Fermeture du tunnel du mont Royal

La Caisse a mis Laval devant le fait accompli

La Ville de Laval n’a jamais été prévenue par la Caisse de dépôt de la fermeture du tunnel du mont Royal. Le maire en poste au moment de l’annonce, Marc Demers, a appris la nouvelle dans les journaux, s’en est-il indigné dans une lettre envoyée au patron de l’époque de CDPQ Infra, promoteur du Réseau express métropolitain (REM).

La Presse vient d’obtenir une copie de la lettre en vertu de la loi d’accès à l’information après deux ans et demi de démarches qui ont nécessité l’intervention de la Commission d’accès à l’information.

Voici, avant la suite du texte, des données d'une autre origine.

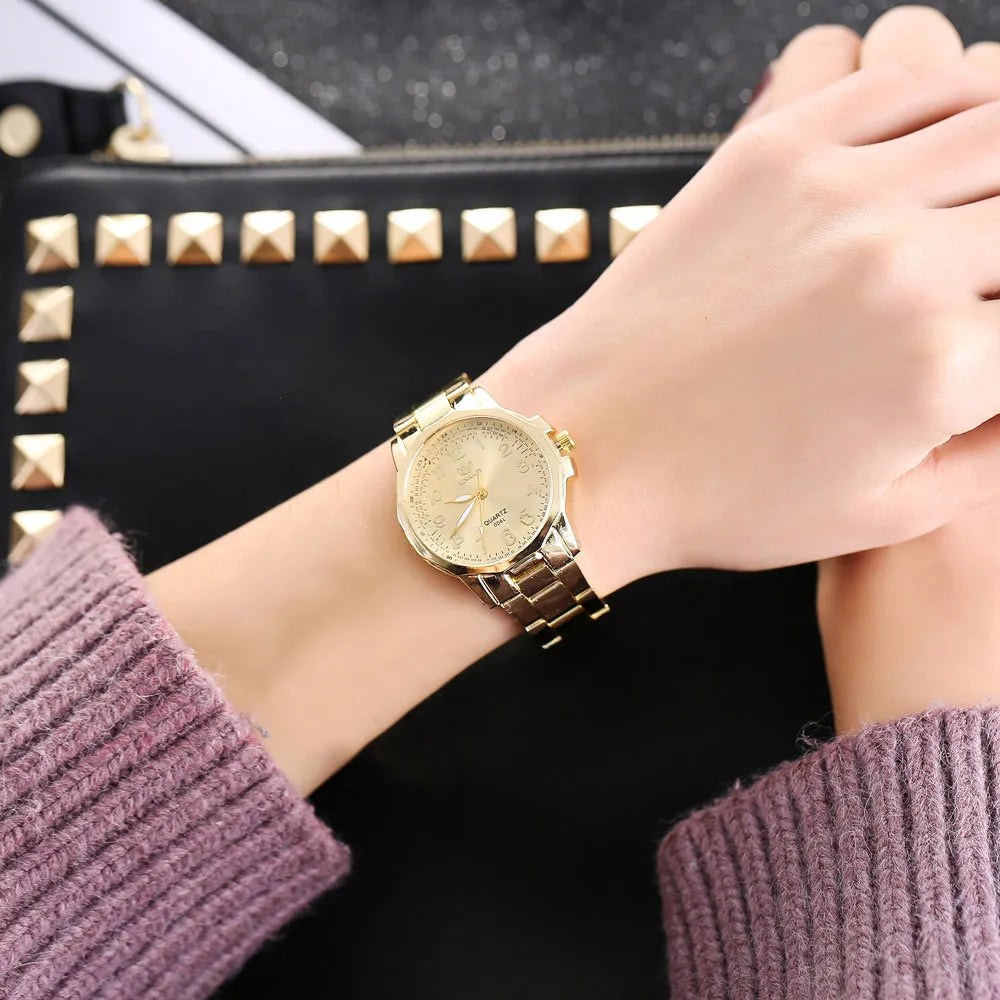 Trendy Unisex Watch New Arrival Quartz Movement Couple Watch Valentine Gift Metal Band Lightweight Stylish Durable Wristwatch
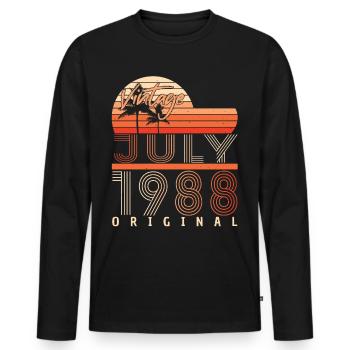 July 1988 Gift idea - Men's Premium Organic Long Sleeve Shirt - black - Front - Nico (187cm)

« La Ville de Laval déplore les difficultés de communication observées tout récemment lors de l’annonce de la fermeture du service sur la ligne de Deux-Montagnes », a écrit M. Demers à Macky Tall, qui était premier vice-président infrastructures de la Caisse de dépôt. « Nos citoyens ont été mis devant le fait accompli et, de surcroît, par les médias », a-t-il déploré dans sa lettre datée du 5 avril 2018, qui n’avait jamais été rendue publique.

« Au nom de tous ses citoyens, la Ville de Laval souhaite une réponse rapide et précise de la part de CDPQ Infra sur cet enjeu de fermeture totale ou partielle du service de train de banlieue sur la ligne de Deux-Montagnes durant une longue période », a poursuivi le maire, visiblement irrité.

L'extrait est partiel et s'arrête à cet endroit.